## [Your task]
Give the records below again in full, exactly as written, but without any images.

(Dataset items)

------------------------

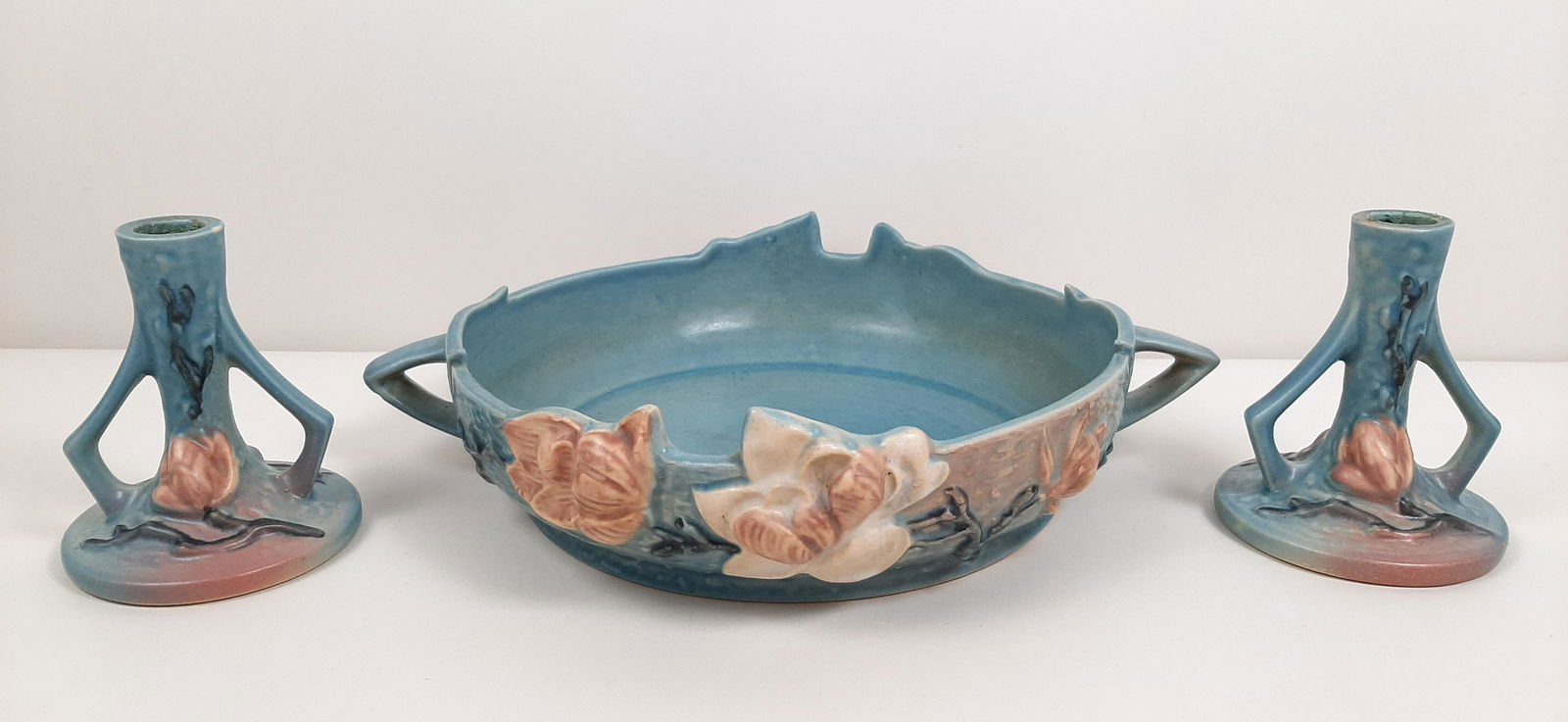 Roseville Magnolia Bowl and Candlestick Holders (1 of 6)
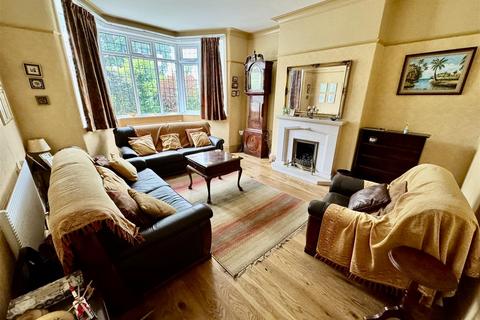 4 bedroom character property for sale, Longley Road, Huddersfield, HD5 8JN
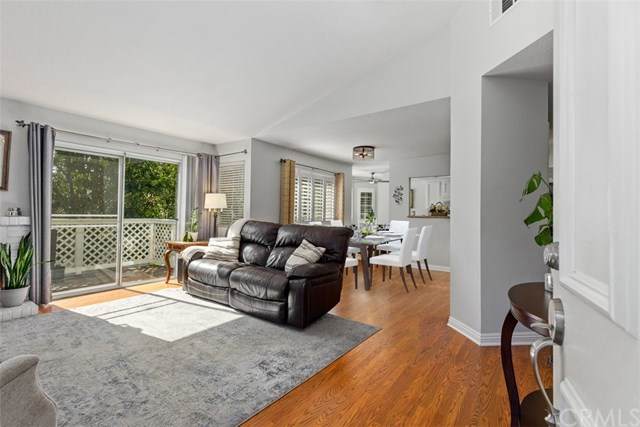 20981 Oakville - Photo 1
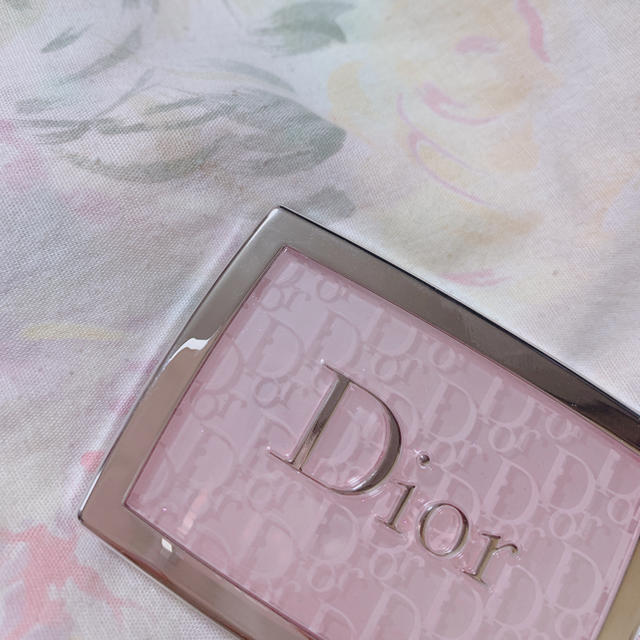 dior バックステージ　ロージーグロウ　003パール　限定色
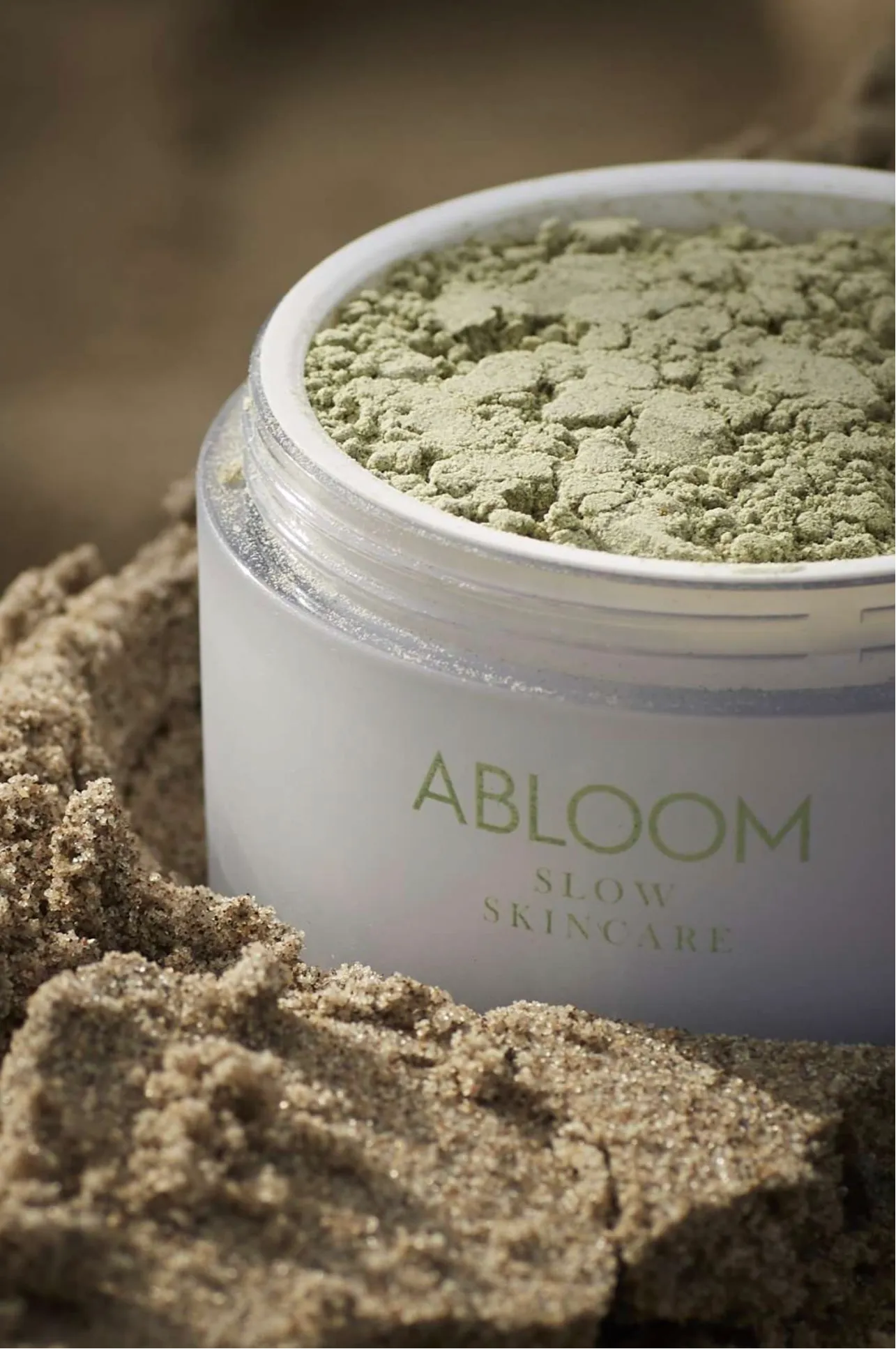 ABLOOM poedermasker in het zand bij Puur in Harmonie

------------------------

## [Your response]
 Roseville Magnolia Bowl and Candlestick Holders (1 of 6)
 4 bedroom character property for sale, Longley Road, Huddersfield, HD5 8JN
 20981 Oakville - Photo 1
 dior バックステージ　ロージーグロウ　003パール　限定色
 ABLOOM poedermasker in het zand bij Puur in Harmonie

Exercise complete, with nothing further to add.